Search code examples
mysqldatabasesolrsolrj

How to query SOLR with 98,000 ids without getting maxBooleanClause exception


Our Spring Java website's MySql database has got the following tables

  • CUSTOMER
  • PRODUCT
  • PRODUCT_CUSTOMER_XREF (Customers who bought a product)
  • CUSTOMER_CUSTOMER_XREF (Customers who are friends with other customer)

in SOLR we've indexed all PRODUCTS which have a unique id which is PRODUCT_ID.

My job

  • Display PRODUCTS current logged in CUSTOMER's friends bought in the past.
  • Let customer search for product descriptions and product reviews of Customers friends done in that past

Steps I used

  • SQL Query Get friends of current logged in CUSTOMER ( returns 500 CUSTOMERS)
  • JOIN SQL QUERY Get the PRODUCT(s) purchased by every friend CUSTOMER (returns 98,000 PRODUCTS_ID). This could possibly return 500,000
  • SOLR query id:(1 2 3 4 5 ....98000) returns maxBooleanClause exception.
  • MySQL Query - Get friends of Customer who bought or commented on the returns Product ids.

Problem - solr query

  • I cannot query for 98,000+ products in SOLR because this return maxBooleanClause exception. I can increase the maxBoolean in solr-config.xml file but this seems like a bad practice consider this number be in 100 of thousands.
  • I can add 98,000+ queries for the same field but this sounds like a bad practice aswell.
  • Costly to send 98,000+ ids to SOLR server over HTTP post.

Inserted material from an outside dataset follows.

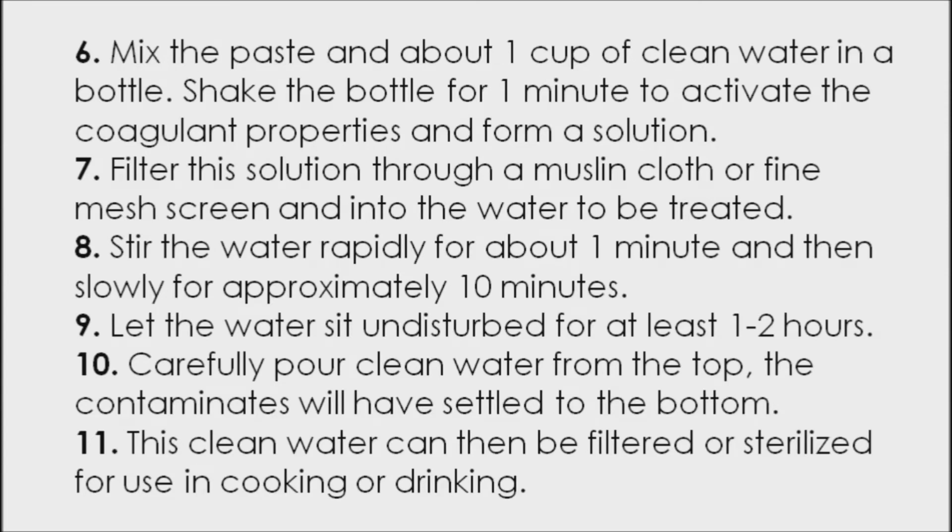Number seven: filter this solution through a muslin cloth or fine mesh screen and into the water to be treated. Number eight: stir the water rapidly for about one minute and then slowly for approximately 10 minutes. Number nine: let the water sit undisturbed for at least one to two hours. Number ten: carefully pour clean water from the top — the contaminants will have settled to the bottom.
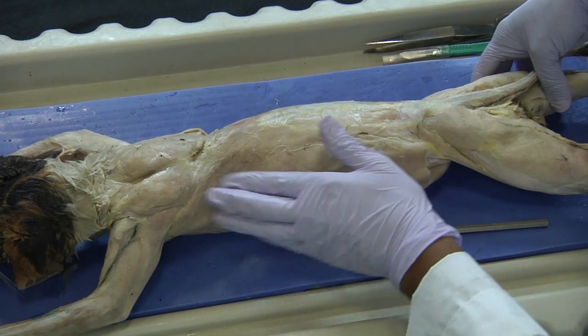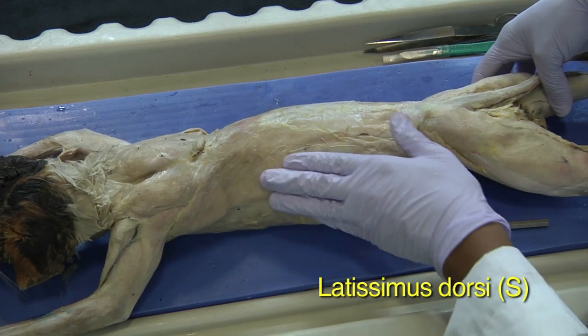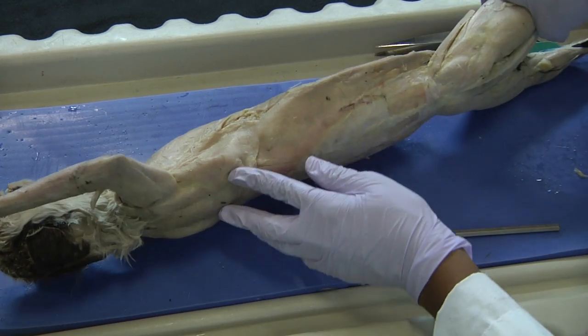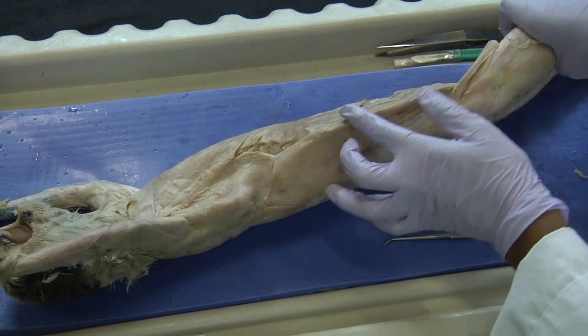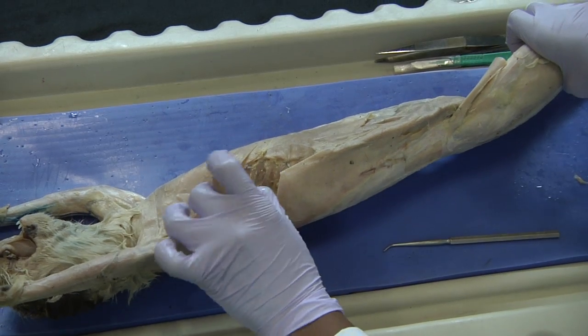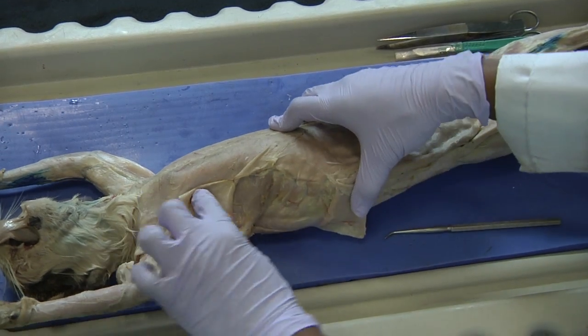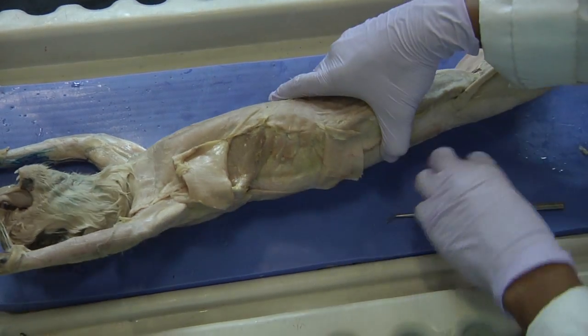So I have the latissimus dorsi here on the superficial side. I made the exact same cut to isolate the latissimus dorsi and went ahead and bisected that muscle to reveal the deeper intercostal muscles.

Can someone please help me with a solution ?

Additional Note:I was thinking if there is a way I can group all CUSTOMER_IDs who bought or commented on a particular product into 1 number or token or some sort and then check if the logged in CUSTOMER's ID friends IDs belong to that group. But haven't figured out a formula yet.


Solution

  • I would try something like this ...

    Solr Index

    Person

    • Id
    • Name
    • Friends
    • Products_Purchased

    Products

    • Id
    • Title

      1. 1st Query - fq=friends:id&facet.field=Products_Purchased
      2. This would limit the results to only the Persons, the User is friend with
      3. Also the facet on the products purchased, would be Order by the Count of the Products
      4. This will also make sure you have unique ids for Products.

      5. 2nd Query - I would use these Ids to query solr probably in the batch of 20-50 max with pagination.

      6. Pagination is valid for facets as well, so you can Navigate the results.